═════ MATERIAL PROVIDED

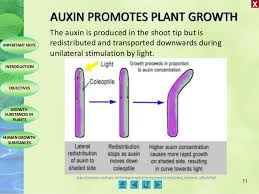 Auxin promotes plant cell growth by. Biology M4 Growth Substances In Living Things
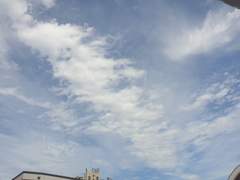 안개구름같은 구르밍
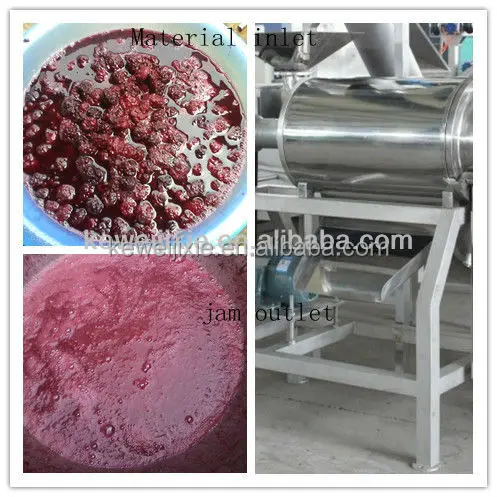 soursop juice machine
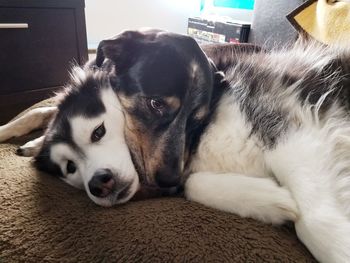 Close-up portrait of dog resting at home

══════════

EXERCISE DIRECTIONS. Set down all the data again exactly as above, pictures excluded.

ANSWER TO THE PROBLEM.
 Auxin promotes plant cell growth by. Biology M4 Growth Substances In Living Things
 안개구름같은 구르밍
 soursop juice machine
 Close-up portrait of dog resting at home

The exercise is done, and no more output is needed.